Some observers have questioned whether the news on fundamentals affecting supply and demand in commodities markets has been sufficient to justify the sharp price increases in recent months. Some of these commentators have cited the actions of the Federal Reserve in reducing interest rates as an important consideration boosting commodity prices. To be sure, commodity prices did rise as interest rates fell. However, for many commodities, inventories have fallen to all-time lows, a development that casts doubt on the premise that speculative demand boosted by low interest rates has pushed prices above levels that would be consistent with the fundamentals of supply and demand. As interest rates in the United States fell relative to those abroad, the dollar declined, which could have boosted the prices of commodities commonly priced in dollars by reducing their cost in terms of other currencies, hence raising the amount demanded by people using those currencies. But the prices of commodities have risen substantially in terms of all currencies, not just the dollar. In sum, lower interest rates and the reduced foreign exchange value of the dollar may have played a role in the rise in the prices of oil and other commodities, but it probably has been a small one.

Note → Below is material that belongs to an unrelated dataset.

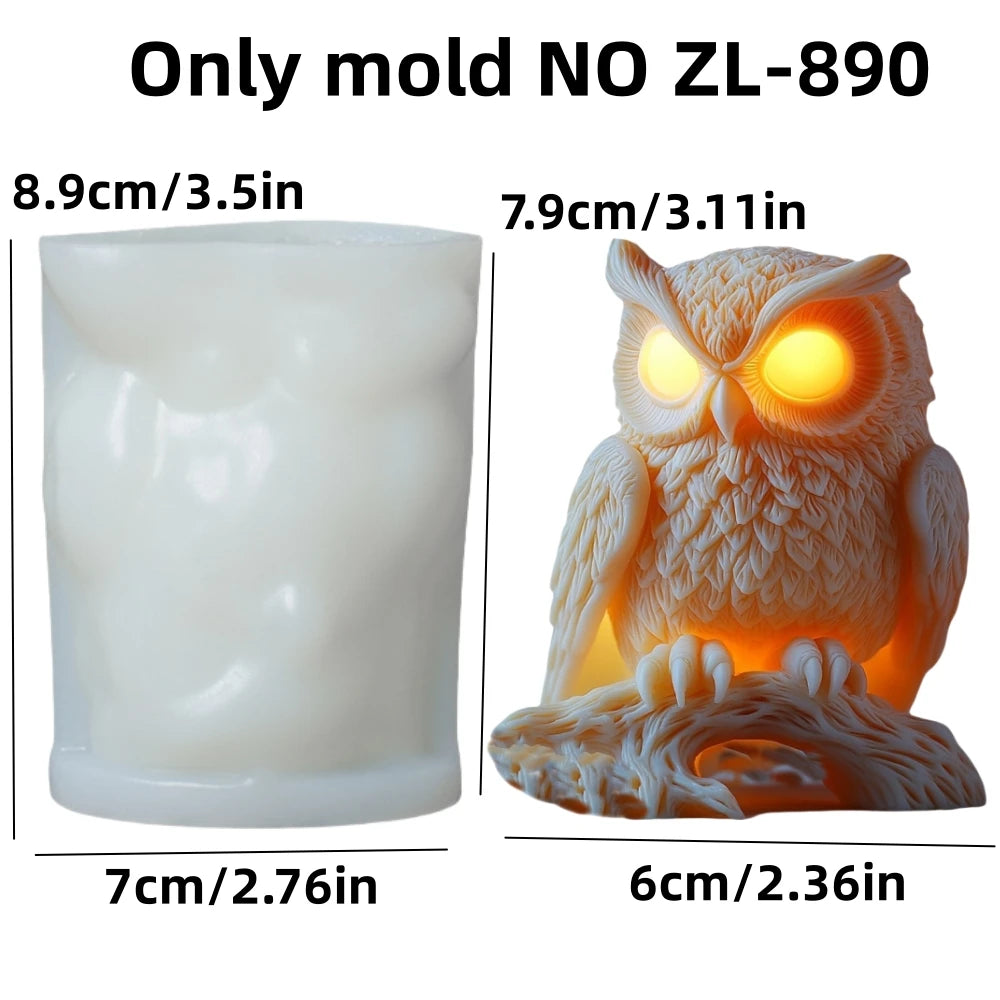 Cute Owl Candle Silicone Mold New Animal Owl Resin Silicone Mold Owl Concrete Mould Gypsum Mold Owls Cake molds Christmas gift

By my calculation, at least one third of the rise in the price of oil can be attributed directly to the decline of the dollar. This can be seen by looking at the rise in the price of oil in Euros versus the rise in the price in US Dollars. The rise in Euros has been less than the rise in dollars ergo, some of the Dollar based rise can be directly attributed to the decline of the currency. You can make your own decision about whether that effect is a "small one".

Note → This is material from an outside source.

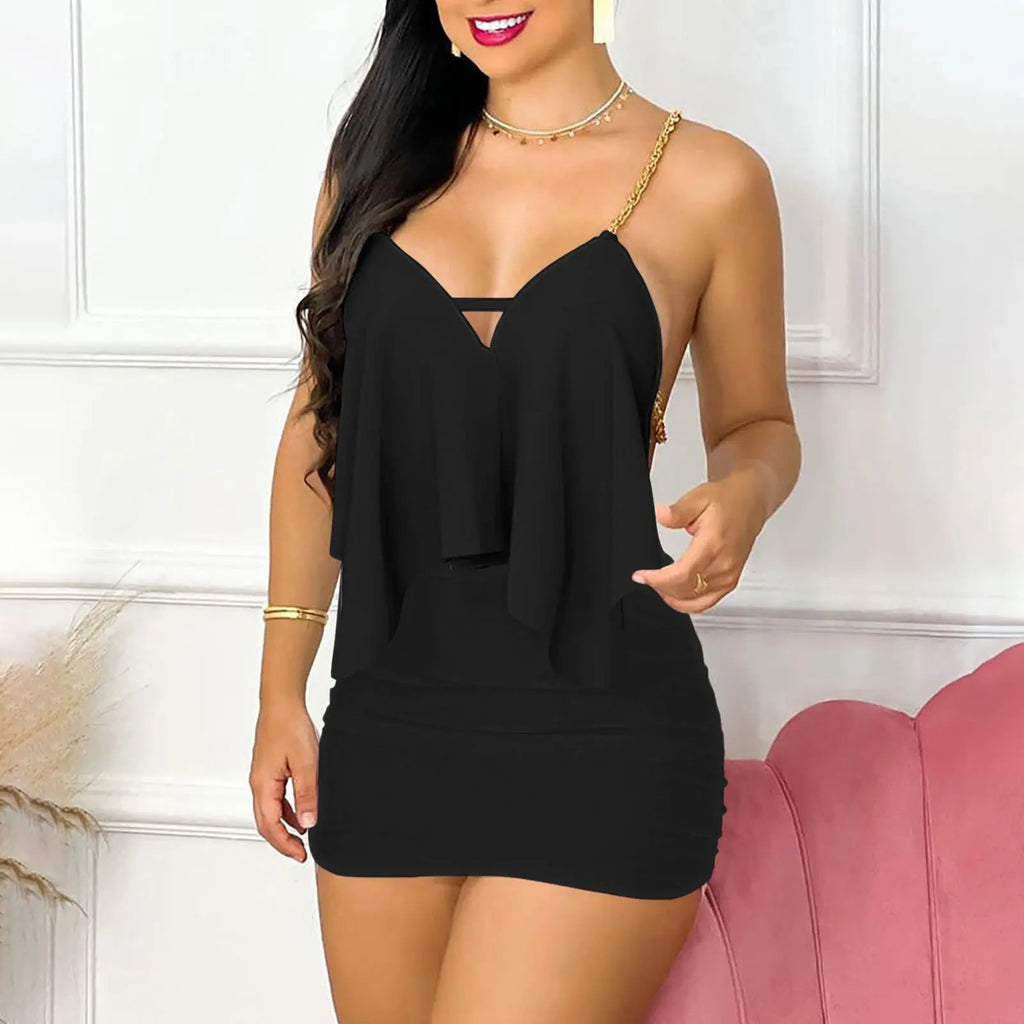 Womens Dresses Summer Fashion Floral Print Asymmetrical Chain Strap Sexy Backless V-Neck Sleeveless Bodycon Mini Dress Sets 2025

But this exercise only captures part of the reason commodity prices have risen. Jeffrey Frankel responds to Kohn in this article from Vox. The explanation is backed up by data and quite persuasive although anyone not really interested in economics might find it a bit complex.
I think Kohn and Frankel are both missing part of the equation though (not that I have the economic bona fides of either) when they don't look at the effect US monetary policy has had on other economies with currencies linked to the dollar. Kohn rightly points out that "emerging market economies have increased demand for many of these commodities and world supply has not kept pace with this growing demand". Many economists and other commentators have pointed to increased demand from China to explain the rise in demand and prices of commodities. But how much of that excess demand was driven by an aggressively expansive US monetary policy? The Chinese currency is linked to the US dollar and therefore US monetary policy has a direct impact on the Chinese economy. How much did the US policy of negative real interest rates affect the growth rate of the Chinese economy (and any other country with a currency linked to the dollar) over this decade? My guess is quite a lot.